Last week, I had the opportunity to present our work on consensus codesign to sponsors as part of the MIT Media Lab’s semi-annual member meeting. As part of the presentation, I collected some of the background research into groups and meeting process in this presentation.
Two of the important organizing principles that I’ve found the most useful to talk about are both taken from McGrath’s 1984 book “Groups: Interaction and Performance” — meeting structure, and task types.
Meeting structure
Here is McGrath’s model of the structure of a meeting, attempting to map out the major contributors and influences to a meeting process (these graphics are my own adaptations and simplifications of McGrath’s):
The model identifies 4 major components that contribute to the function of a meeting:
- Individual considerations: What are the skills, dispositions, interests, and agendas, and communication styles that individual participants have?

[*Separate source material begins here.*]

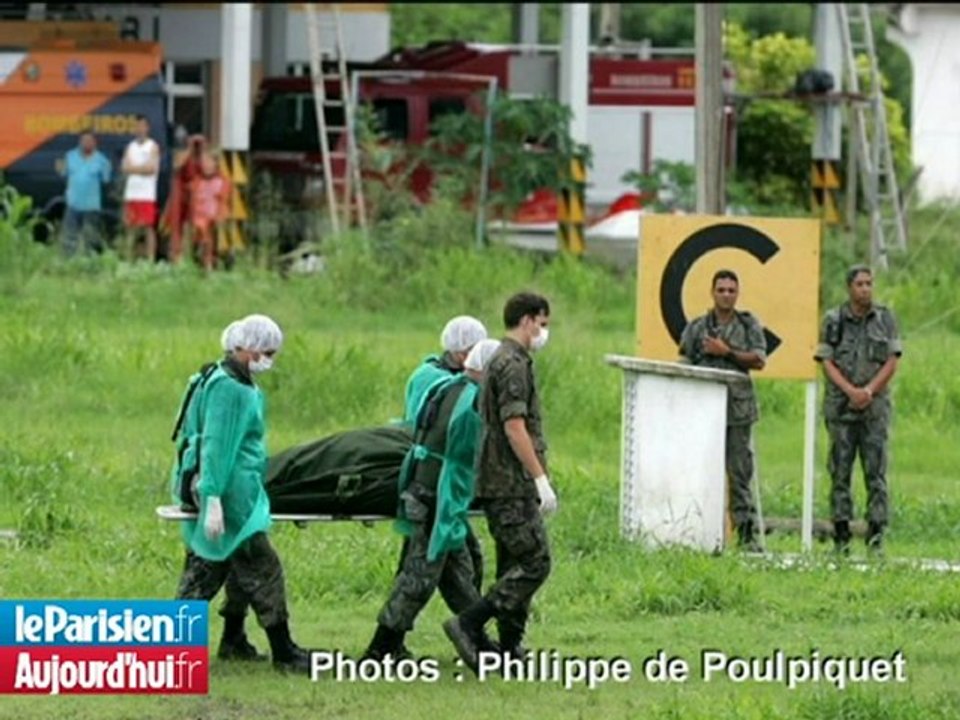 Airbus : 25 autres corps ramenés à terre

- Group structure: is it a rigid hierarchy, or an explicit non-hierarchy? Is there a facilitator? Are there expected patterns of behavior or rituals that the group brings? These all contribute to the group structure.

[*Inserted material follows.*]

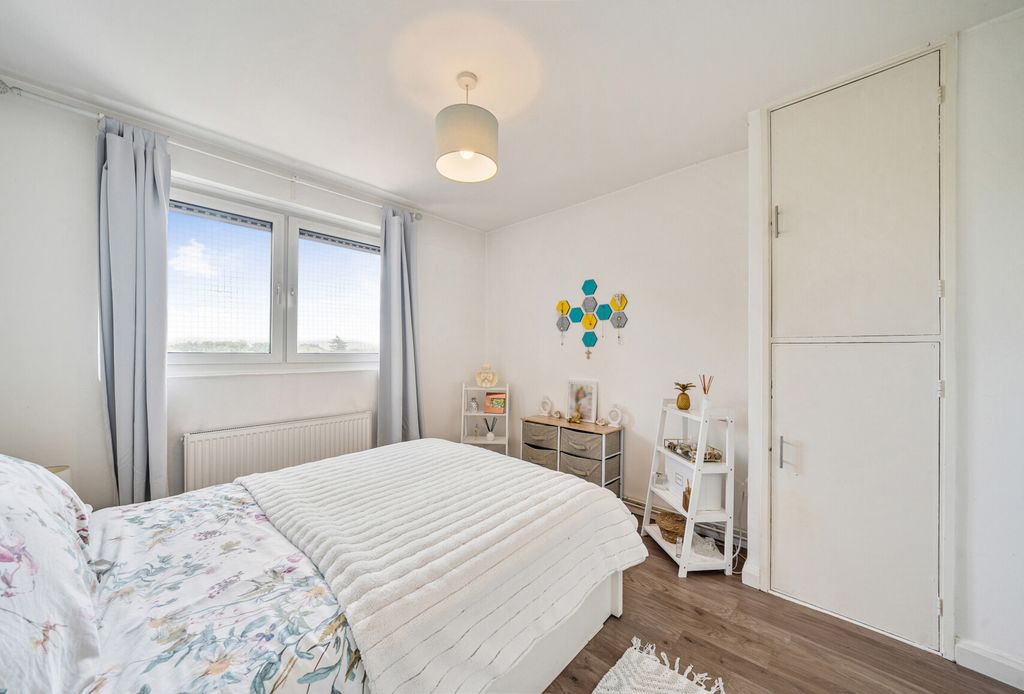 Property photo 1 of 13 1326724-2-6874Eff...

- Task/situation: What is the group trying to accomplish? More on this below.
- Physical setting / technology: Are you on a street corner, or in a board room? Do you have computers, whiteboards, smart phones, projectors, post-it notes, or any other meeting aids?
I find this model useful mostly in thinking about just how limited a purely technological solution or meeting aid will be. All of the other considerations need to be taken into account — it may be necessary for the group to engage in more nuanced trainings to inform their meeting process or group structure in order to make effective use of any particular technology. This is where games like Moon Talk or Flame War come in.
Task types
This is a complicated, but surprisingly insightful model of the different sort of tasks a group might engage in:
This model posits four main quadrants of different types of tasks a group might engage in:
- Generative tasks: brainstorming, coming up with new ideas. The point is to generate and expand a set of possibilities.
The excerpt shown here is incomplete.